Elasticsearch Vector Search Usage vector

Overview

Elasticsearch has NoSQL characteristics and is designed to provide fast, real-time search through distributed processing. In particular, it can search large volumes of unstructured data and supports Full-Text (Full-Text). These features also provide a significant advantage when performing necessary text searches using vectors.

Vector Search refers to a type of search where documents or queries are represented as vectors rather than plain text.
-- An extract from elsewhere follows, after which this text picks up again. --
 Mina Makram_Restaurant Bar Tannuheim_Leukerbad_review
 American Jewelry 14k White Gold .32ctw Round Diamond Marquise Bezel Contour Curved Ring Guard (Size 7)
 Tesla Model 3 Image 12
Vector Search uses machine learning (ML) to convert content such as images, audio, or video into vector representations and employs nearest neighbor algorithms to find similar data.

For example, unlike traditional keyword-matching search, we find the video whose description is most similar to the user’s opinion among videos that include descriptions. Also, the simplest way to search for similar documents is to check how many of the entered words match the words contained in the document, but in practice, even if they do not match exactly, there may be data that is similar or related, so these should also be taken into account.

Vector embedding contains meaning that enables searching with synonyms or related terms, and expresses similarity by using distances in the embedding space.

Reference
In Samsung Cloud Platform, Elasticsearch vector search is available only in the Enterprise version, and it cannot be used in the OSS version because X-pack is not supported.

Vector (text) embedding

Embedding refers to the result or the series of processes of converting human language or images into vectors—a sequence of numbers that machines can understand—because for a computer composed only of 0 and 1, grasping their meaning is difficult.

There are various types of embedding techniques, and Elasticsearch is most closely related to word/sentence embeddings.

  • Word-level embeddings include the word2vec and GloVe models.
  • Sentence-level embeddings include ELMo and BERT, among others.

Word-level embedding can be considered the simplest form of embedding, a process that enables similarity calculation and visualization. However, the biggest issue with word-level embedding is that it is difficult to differentiate ‘homonym (Homonym)’.

To address this, sentence-level embedding includes the contextual meaning of the entire sentence, rather than individual words, within the embedding, resulting in better performance and the advantages of transfer learning (Transfer Learning).

In Elasticsearch, similarity is searched using text (word/sentence) embeddings and the dense_vector type.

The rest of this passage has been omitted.